No one gives a shit about taxes. If anything is written about taxes, it's about how you can save on your tax payments by minding this this and that category. And as no one knows how corporation tax works, other than that corporations have to pay a certain percentage of their profits, few people usually care. After all, some of these companies haven't been paying taxes for literally years and only now it generated outrage.

So that's all interesting, but that's all context. My question was, how did they portray it? Did the newspapers make a big fuss? Did they side with the outrage or with the papers? Judging from the fact that the OECD was considering changing regulations and that people kept being outraged, I hypothesised that yeah, these newspapers will be stirring up a fuss. But their reporting initially seemed quite balanced. Objective. As newspapers are supposed to report things.

So I did a corpus analysis of all articles and took 7 articles for a critical discourse analysis.

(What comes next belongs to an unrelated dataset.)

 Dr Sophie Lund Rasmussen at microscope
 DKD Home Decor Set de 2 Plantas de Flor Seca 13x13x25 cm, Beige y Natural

I'll not go into the specifics here, email me for a PDF copy if you want one, but what I found was that yeah, these newspapers were kicking up as much as a fuss as the politicians calling Google 'evil' and those protesters calling for boycotts of Starbucks. In fact, they seemed to be the instigator of some of the outrage, by for instance only presenting those opinions which said that these "multinational corporations should pay their fair share of UK corporation tax" (this is a composite sentence of the main lexical items the corpus program showed me. Absolutely fascinating).

The next question, of course, is why. But I just spent 20,000 words detailing how UK newspapers to an extent criminalise the otherwise legal behaviour of not paying your taxes where you are not obliged to pay your taxes. The moral question of whether a company should be obliged to pay taxes in territories where they make billions of pounds of revenue, but where they do not technically, according to the OECD regulations of the taxation of multinational corporations, have to pay taxes, has been answered, by these papers, with a "Yes". But why? Why now?

This will have to do with the economic crisis, I hypothesise. So the next research question will be how the portrayal of corporate fraud (or crime, but that's perhaps too broad for 100,000 words) in the UK has developed over the course of the global economic crisis. But that's for my PhD. And something I can't wait to get started on.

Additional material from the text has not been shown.